History. It’s so easy to choose the wrong side, as the Sudetendeutsch did, paving the way for their expulsion. The Czechs were justified in what they did, a fortiori after years of German Übermensch behavior towards them. And yet, they’ve lost much in the process, culturally and historically, as the U.S. perhaps did in its own “expulsions” of Loyalists.
How to live in history? Im Schatten, I’m convinced. More and more, I want to disappear, not to be here, to observe silently events that I do not try to control.
The row of houses across the street from the hotel, leading to a park, all with elaborate façades that look to be at least 18th-century: one is painted pink, the one beside it gold, then another pink, lighter and with a touch of brown mixed in, followed by beige handsome in the morning sun, light gold, dusky rose with yellow trim, and gold again. And all the street lights, I suddenly notice, are purple. Why?
The tree on the corner that I took to be fir in the rain is clearly not. Is it gingko biloba? Could be—it has that graceful swooping and drooping way of growing. But the trunk looks too dark and the leaves too thick.
How manifold are thy works, o Lord. In wisdom hast thou made them all. To think of a creator who relishes—sheer delight!—the plurality of creation.
Which means we must entertain the idea that God creates gay people to enliven creation. The burden of proof vs. that conclusion is on those who find homosexuality socially noxious. On what ground? The complementarity of male and female? If that’s so essential, why did Rome early on suppress coed monasteries?
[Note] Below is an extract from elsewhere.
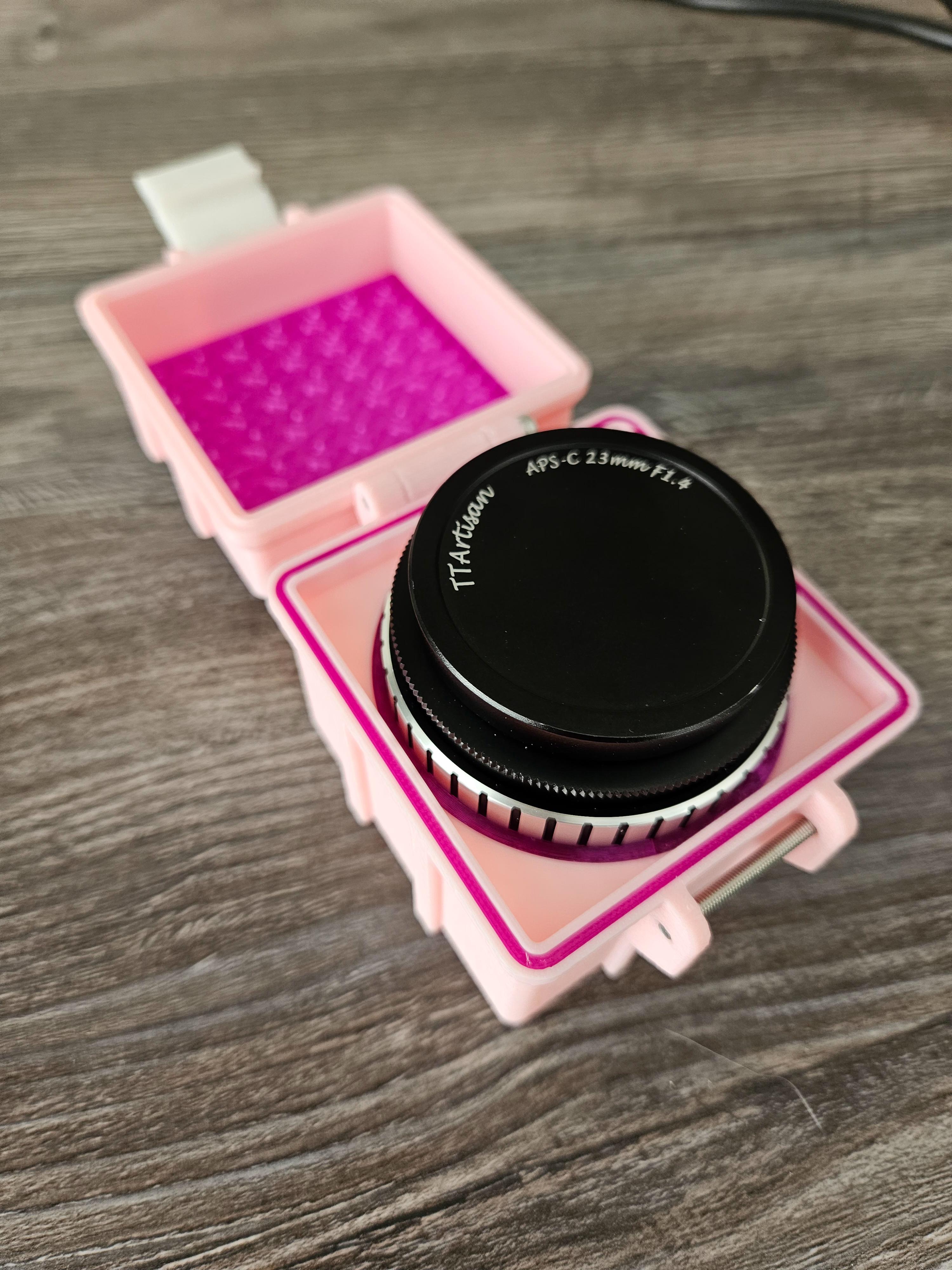 TTArtisan 23mm F/1.4 Rugged Box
Rome exalts an all-male priesthood and hierarchy while telling us men need women to be complete?! (Hidden assumption, of course: women are there in their place.)
If homosexuality is so noxious to family, why has the “traditional” family declined while and when homosexuality was savagely repressed? It had done badly enough on its own two feet, thank you very much.
And what is the “traditional” family? I see, both now and throughout history, manifold forms of family.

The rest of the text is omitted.